Mechanical behavior of high dosage short carbon fiber reinforced epoxy composites

Short fibers are effective reinforcements in strengthening and toughening polymer materials, even small amounts of fibers. However, for high fiber dosage the achieved dispersion and interface adhesion is quite poor reaching to lower stiffness and strength efficiency. In high dosage composites, the effects of the fiber length and volume fraction on mechanical properties is not entirely consensual; nonetheless this paper intends to contibute for a better understanding of this occurrence. Composite plates were manufactured by compression moulding, using short carbon fibers reinforcements (2, 4 and 6 mm in length) with 45-75 % wt fiber fraction.

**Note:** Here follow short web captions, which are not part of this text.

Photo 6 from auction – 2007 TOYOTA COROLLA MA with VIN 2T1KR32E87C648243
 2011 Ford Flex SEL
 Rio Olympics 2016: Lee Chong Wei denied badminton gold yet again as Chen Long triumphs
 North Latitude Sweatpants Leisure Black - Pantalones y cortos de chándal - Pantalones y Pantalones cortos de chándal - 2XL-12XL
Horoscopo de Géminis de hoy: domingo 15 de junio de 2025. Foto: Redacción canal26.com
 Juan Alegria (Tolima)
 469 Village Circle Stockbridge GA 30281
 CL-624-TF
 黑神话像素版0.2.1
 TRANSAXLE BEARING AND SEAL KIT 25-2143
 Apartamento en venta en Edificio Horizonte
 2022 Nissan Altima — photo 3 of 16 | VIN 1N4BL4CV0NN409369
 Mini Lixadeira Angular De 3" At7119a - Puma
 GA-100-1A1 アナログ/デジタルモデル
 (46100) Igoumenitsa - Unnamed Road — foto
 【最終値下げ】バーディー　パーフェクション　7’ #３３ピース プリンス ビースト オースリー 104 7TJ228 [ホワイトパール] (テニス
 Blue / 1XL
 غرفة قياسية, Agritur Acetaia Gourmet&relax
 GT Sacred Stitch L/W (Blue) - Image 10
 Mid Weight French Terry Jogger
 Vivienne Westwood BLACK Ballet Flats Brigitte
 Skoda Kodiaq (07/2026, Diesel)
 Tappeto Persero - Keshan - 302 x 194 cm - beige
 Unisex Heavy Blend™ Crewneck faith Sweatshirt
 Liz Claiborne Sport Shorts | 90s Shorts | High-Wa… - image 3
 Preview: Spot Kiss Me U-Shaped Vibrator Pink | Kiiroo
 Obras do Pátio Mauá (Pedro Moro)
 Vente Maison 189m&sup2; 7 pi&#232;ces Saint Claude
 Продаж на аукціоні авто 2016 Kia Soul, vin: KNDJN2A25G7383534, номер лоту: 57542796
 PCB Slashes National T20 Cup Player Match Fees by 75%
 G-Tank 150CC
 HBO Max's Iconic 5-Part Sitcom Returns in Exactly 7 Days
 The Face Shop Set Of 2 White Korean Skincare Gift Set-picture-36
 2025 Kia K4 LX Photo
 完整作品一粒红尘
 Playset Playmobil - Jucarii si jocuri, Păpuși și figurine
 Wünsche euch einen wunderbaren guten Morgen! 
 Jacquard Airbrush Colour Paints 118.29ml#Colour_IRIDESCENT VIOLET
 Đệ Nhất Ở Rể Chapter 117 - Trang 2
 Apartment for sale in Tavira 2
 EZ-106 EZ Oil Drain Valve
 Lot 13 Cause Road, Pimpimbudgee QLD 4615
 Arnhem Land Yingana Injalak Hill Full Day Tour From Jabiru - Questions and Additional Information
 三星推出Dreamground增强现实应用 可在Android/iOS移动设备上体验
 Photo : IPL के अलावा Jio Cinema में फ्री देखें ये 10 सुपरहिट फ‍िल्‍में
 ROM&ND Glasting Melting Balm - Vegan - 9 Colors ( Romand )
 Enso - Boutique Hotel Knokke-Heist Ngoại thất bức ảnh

Tensile and dynamic mechanical analysis (DMA) specimens were machined from molded plates for the desired dimensions. DMA was performed with bi-supported specimens in temperature ranged from 20 to 180 A degrees C. High dosage composites exhibit very low efficiency parameters both in stiffness and particularly in tensile strength. However, the stiffness increases in order of 25 % when fiber length increases from 2 mm to 4 mm, but afterwards tends to decrease for 6 mm fiber length composites. The same tendency was observed for the tensile strength. For very high fiber dosage composites, tensile strength decreases and Young's modulus tends to remain at constant values. However, the results of DMA indicate that bending modulus storage increases when fiber length increases from 2 mm to 6 mm.